Q: So because surgeons are using more MIGS, the overall complication profile for glaucoma surgery is reduced?
A: I would certainly agree with that. Looking for options other than trabeculectomy and tube surgery has certainly decreased complications. Another “complication” that is not often discussed is induced refractive error. I had a patient recently who had previous cataract surgery. She was fairly young, and her vision was 20/20 uncorrected. Over time, her IOP got out of control, so we looked at her options. Trabeculectomy, which was one of the options we were considering, was definitely going to put her in glasses. It can be very difficult to do trabeculectomy without inducing astigmatism. Being able to do a Xen procedure or any of the nonpenetrating MIGS surgeries can allow that person to remain spectacle free. Ultimately, that is the option we chose. It's something we think about probably subconsciously but maybe don't articulate it often enough. In the age of refractive cataract surgery and higher patient demands for uncorrected visual acuity, many MIGS procedures allow patients to maintain spectacle independence that they otherwise would not have.
Also, I think being aware of implanting all suprachoroidal devices at the appropriate depth will be important for future devices. There are new devices by Glaukos and iStar that are in trials currently, so we may see some new ones in the future.
Q: And affecting the cornea is something that should be watched for any implant?
A: Any implant in the anterior chamber that protrudes at all has the potential to affect the cornea. We know that all the tubes we use do that, and Ahmed, Baerveldt, and Xen probably will if they’re in the eye long enough. I'm sure that what we learned from the Cypass will lead others to examine this issue much more carefully.
Q: Over time, what should surgeons be looking for after a patient has had a device for 5, 10, or even 20 years?
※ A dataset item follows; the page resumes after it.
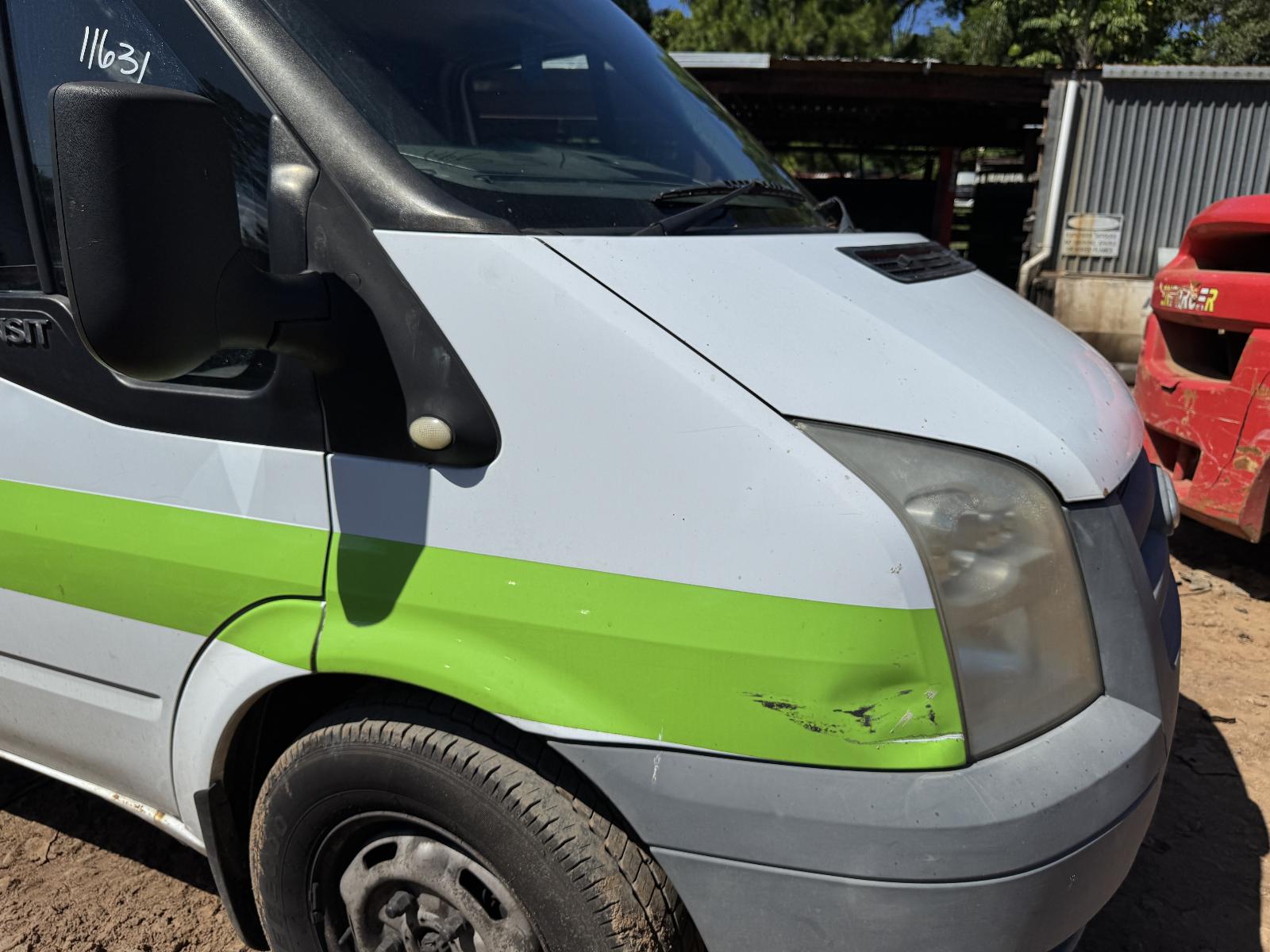 View FORD TRANSIT 2006 2 Door Van Breaking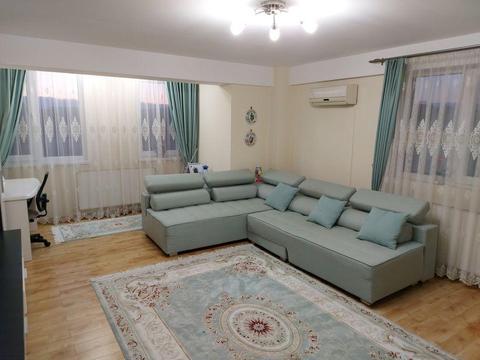 Vand Apartament 2 camere Scheia Central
A: Each device probably has its own set of issues. I think with an implant, one of the things you're always concerned about is erosion or displacement of some sort. With iStents and with the Hydrus, we've been following these patients for a long time. For Hydrus, we have 5-year follow-up data, and I have several patients who've had them for a very long time. There's no evidence of any erosion or moving of the device in the eye. That's something that's watched for very carefully in clinical trials on any implants. We've been following the Cypass longer than that. I have patients who've had Cypass for 9 years with no issues. We will see about Xen, which is a subconjunctival device. We'll have to see in the long run how they compare to Ahmeds and Baerveldts when it comes to erosion.